La mairie de Nice avait indiqué samedi, en marge d’une visite dans la ville du ministre de l’Éducation Jean-Michel Blanquer, qu’elle mettrait en œuvre cette mesure à la rentrée prochaine. Celle-ci avait été rejetée par la précédente ministre de l’Éducation Najat Vallaud-Belkacem. À l’époque, la fédération de parents d’élève FCPE et des syndicats enseignants avaient critiqué ce projet.

Côté enseignants, le syndicat enseignant CGT Educ’action a de nouveau « condamné » la mesure, sur fond d’austérité budgétaire. « Ce qu’il nous faut dans les écoles, ce ne sont pas des policier-es mais des secrétaires administratives, des ATSEM, des infirmier-es scolaires… Ce qu’il faut à la prévention, ce n’est pas un-e policier-e dans les écoles, mais du budget pour les services sociaux », affirme le syndicat.

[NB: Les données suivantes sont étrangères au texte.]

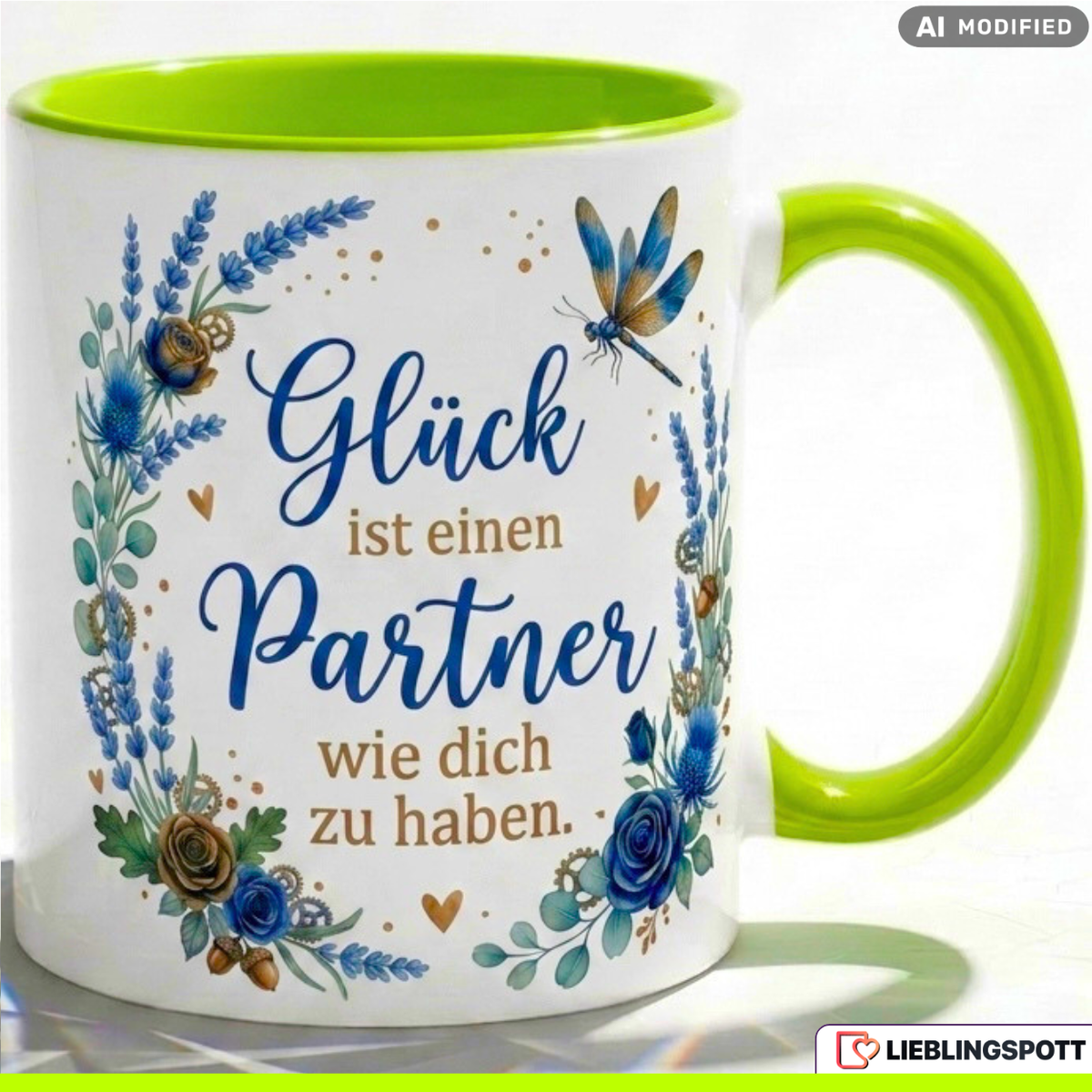 Partner Mug Quote Happiness Gift Anniversary Birthday Blue Cup 330ml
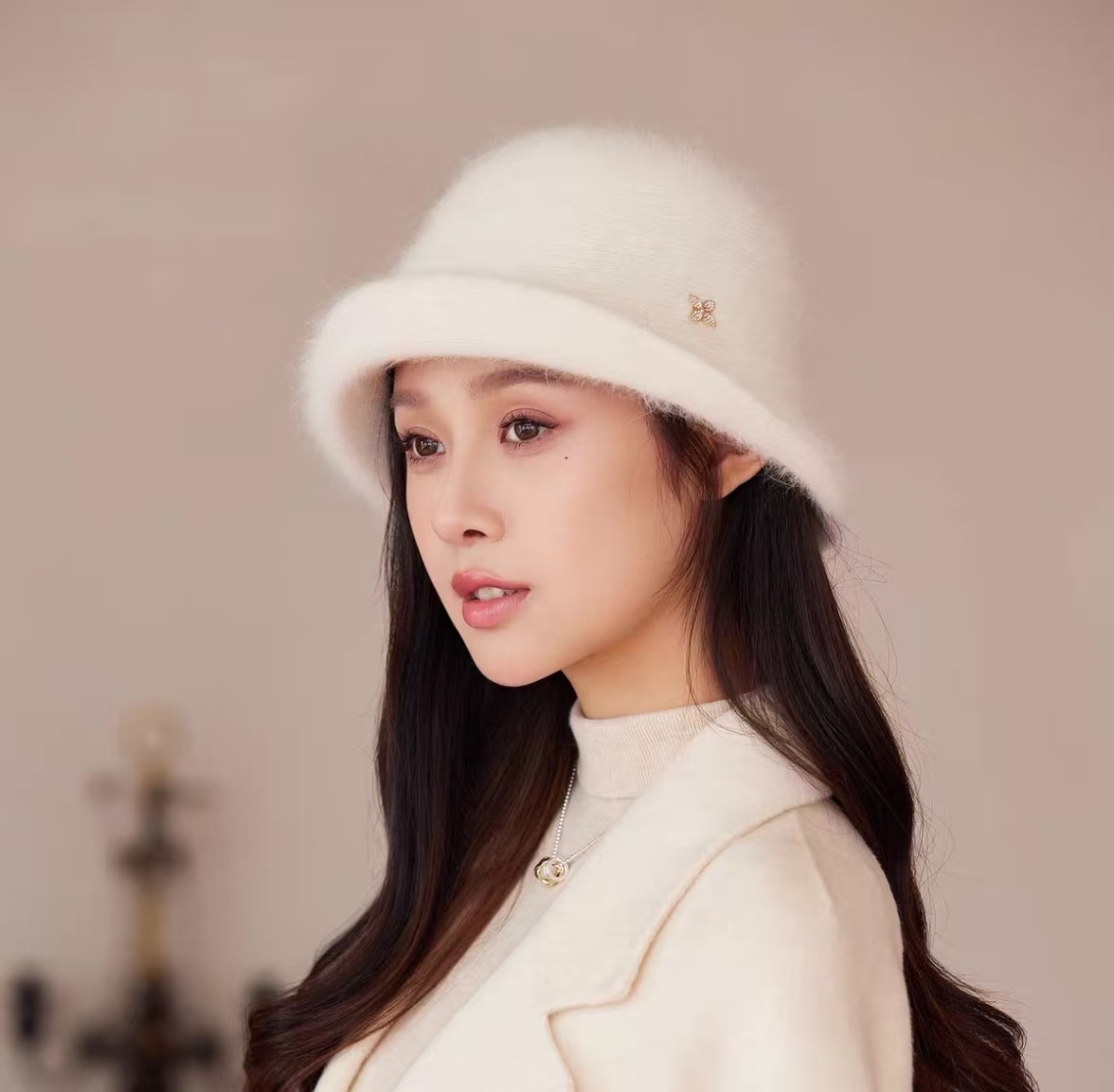 兔毛渔夫帽女秋冬季新款显脸小针织卷边礼帽户外百搭保暖帽子14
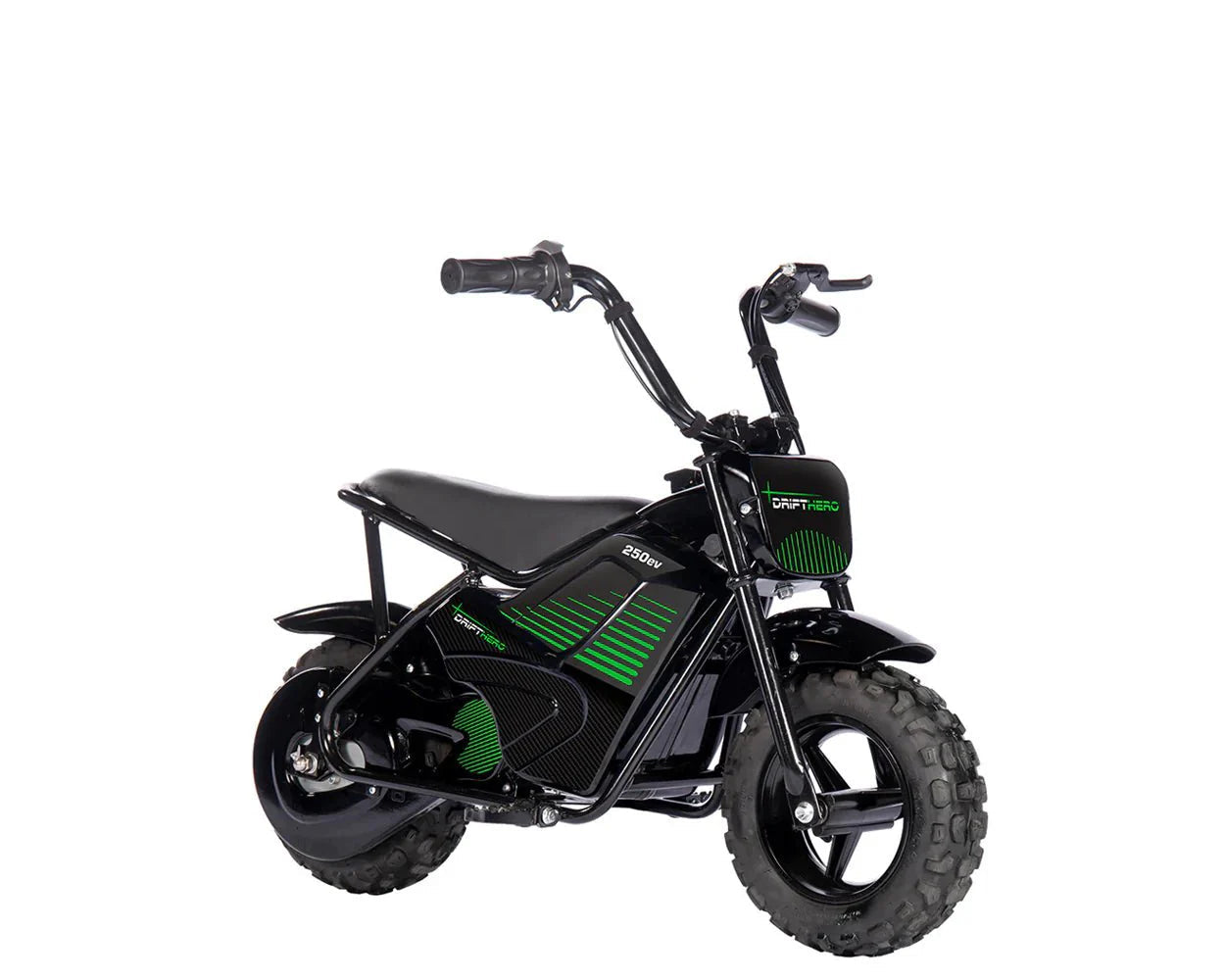 A compact eBike Drift Hero 250w Mini in black, featuring a sturdy frame, small wheels, and ergonomic handlebars, designed for urban commuting and easy maneuverability.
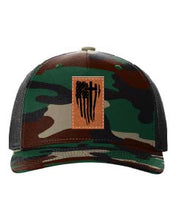 Load image into Gallery viewer, Cross Flag Leather Patch Richardson 112 Duck Camo Hat
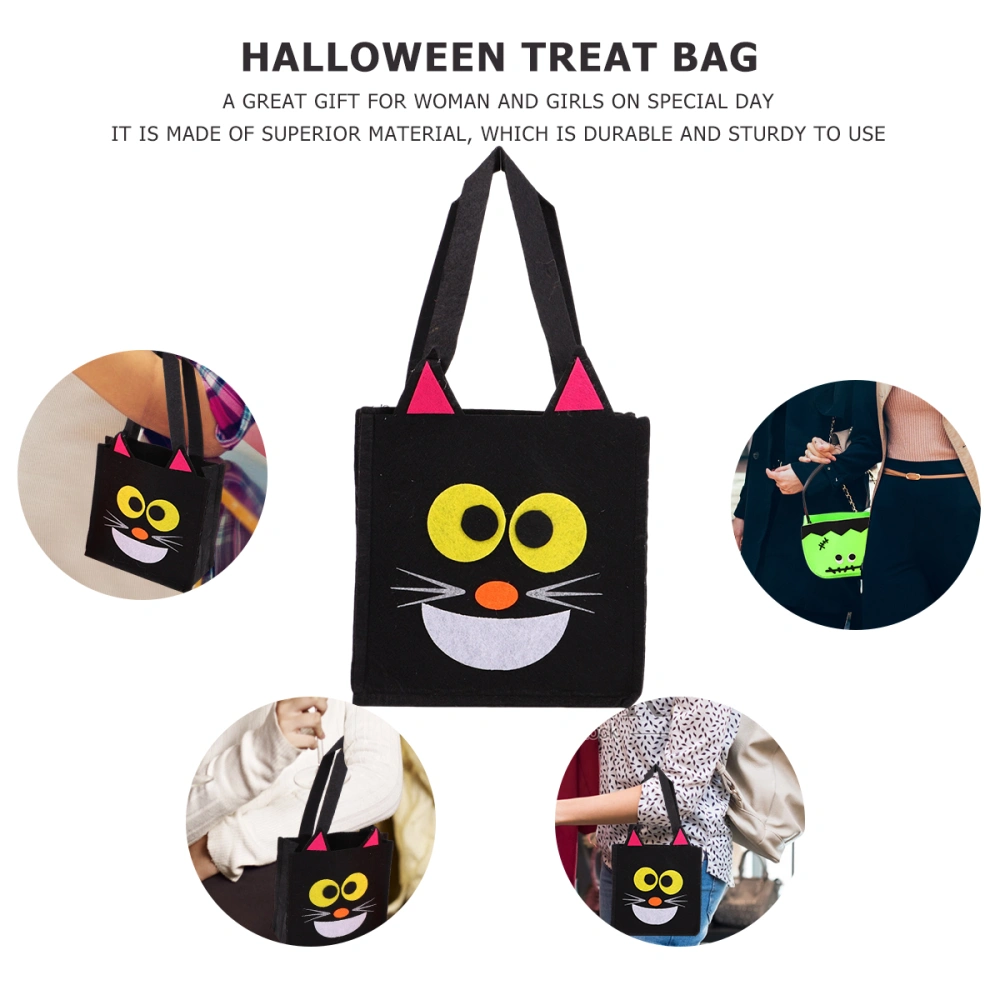 3pcs Halloween Cloth Candy Bag Portable Pumpkin Shape Gift Bag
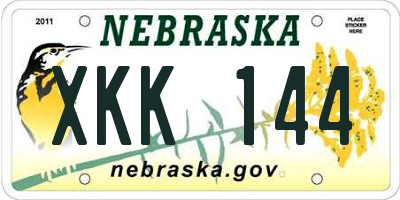NE license plate XKK144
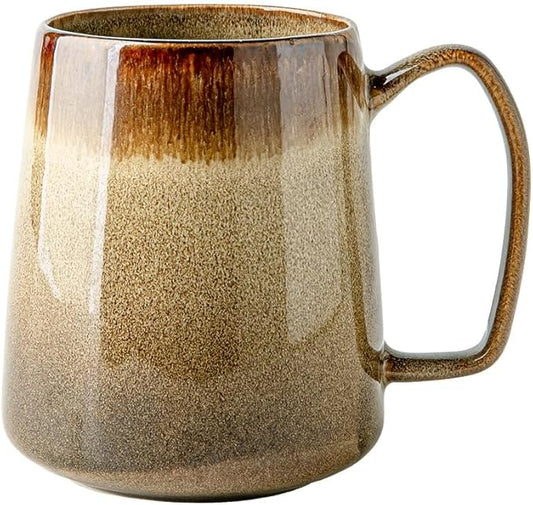24 OZ, Large Ceramics Coffee Mugs with Handle, Extra Large Tea and Coffee Cup for Office and Home，Microwave and Dishwasher Safe,For Gift and Present(Yellow sand)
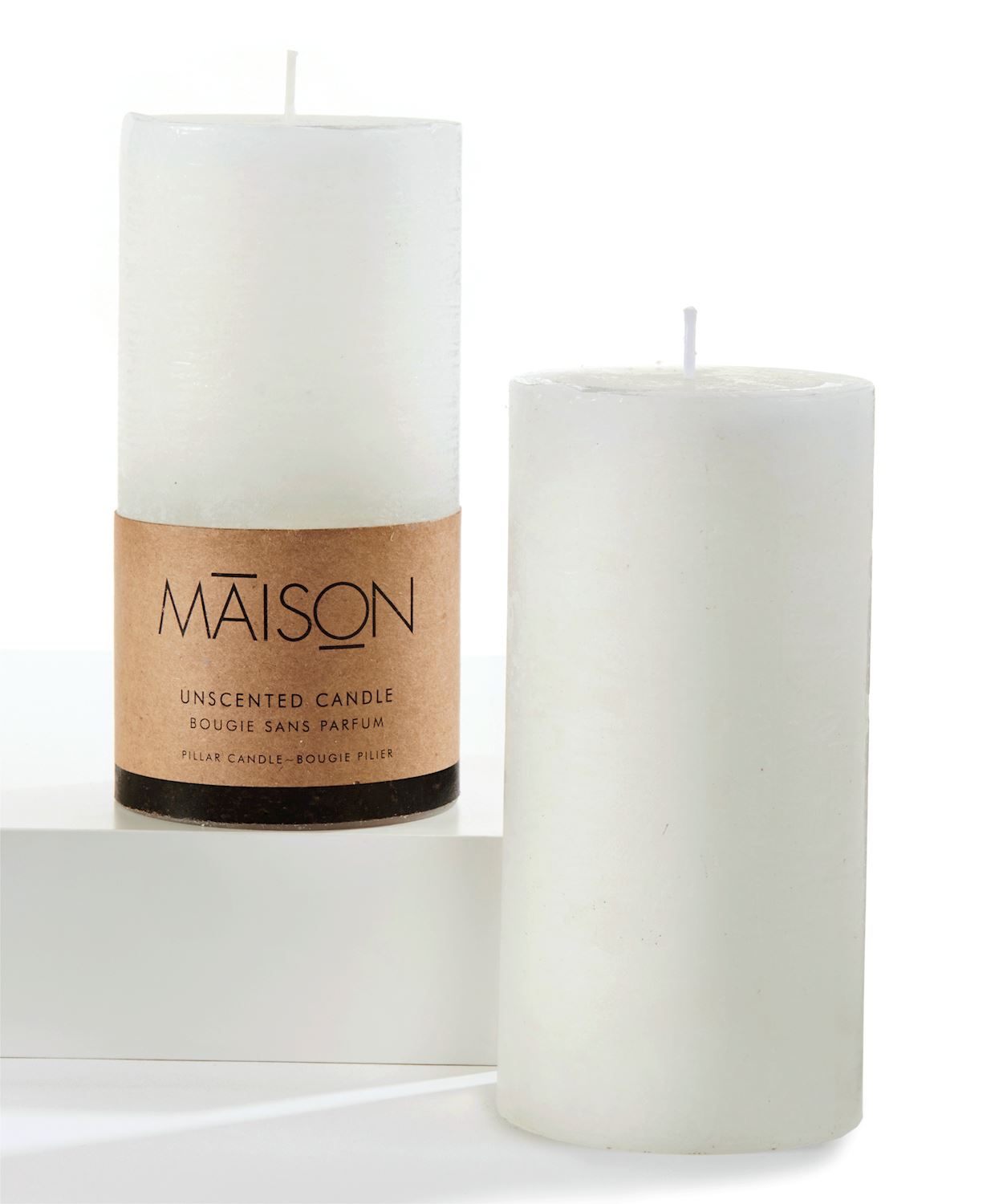 3X6 Rustic Pillar Candle - White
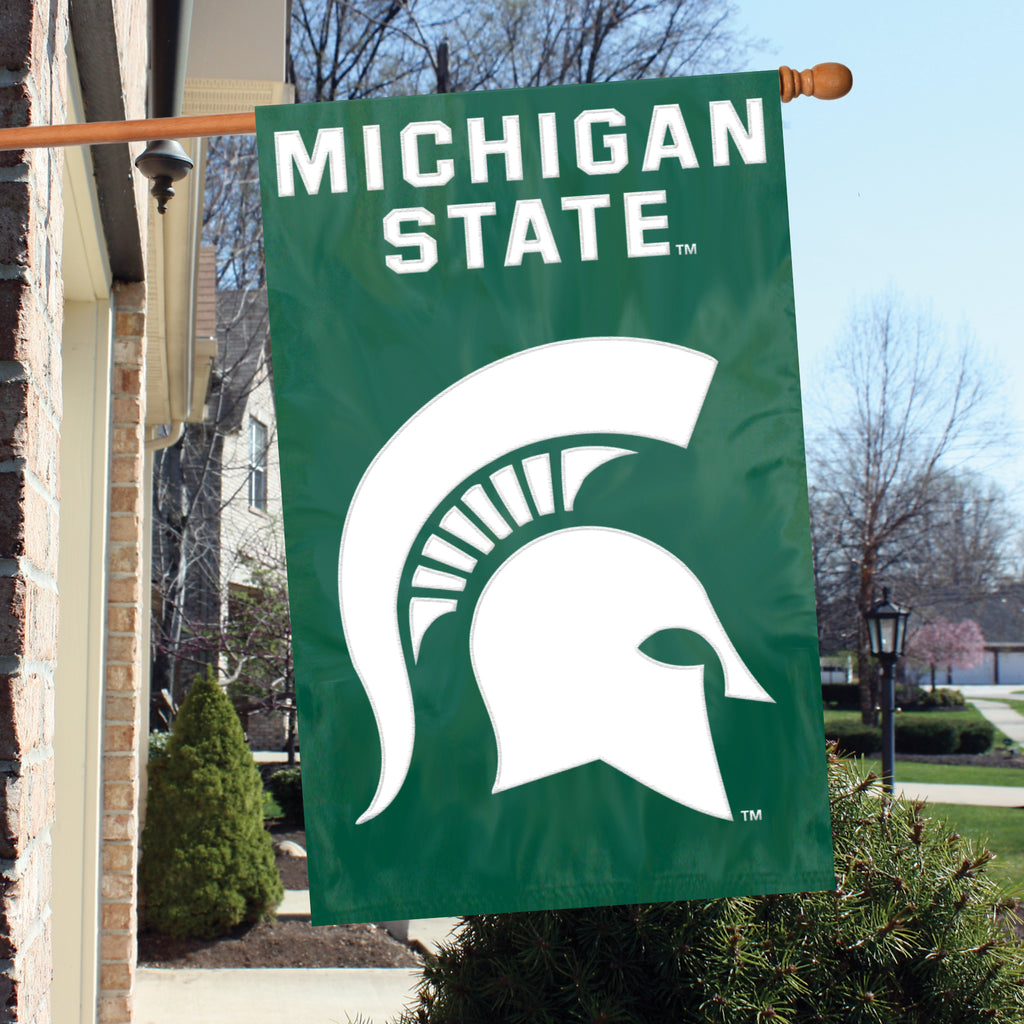 Michigan State Spartans Applique Banner Flag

Le SDPM n’est « pas représentatif »

Après l’attentat sur la Promenade des Anglais qui avait fait 86 morts le 14 juillet 2016, Nice a mis en place des vigiles devant les écoles, remplacés depuis par des policiers. La ville s’est aussi dotée d’une salle de vidéosurveillance dédiée aux écoles, en plus d’alarmes anti-intrusion, de boutons d’alertes et badges d’accès.

Dimanche, la ville a fait valoir que le SDPM n’était « pas représentatif » et contestait « toutes les initiatives de la ville (…) sans réellement connaître les sujets ». « La ville de Nice travaille avec l’Etat et les syndicats sur les modalités de cette expérimentation », qui doit permettre de « soulager le personnel » des écoles des tâches de sécurité. « Nous appelons chacun à prendre en compte le risque qui pèse aujourd’hui sur les écoles, qui sont désormais aussi des cibles pour Daech et à attendre le résultat de cette expérimentation unique en France plutôt que de chercher à la rejeter d’emblée pour de simples raisons idéologiques », ajoute-t-elle.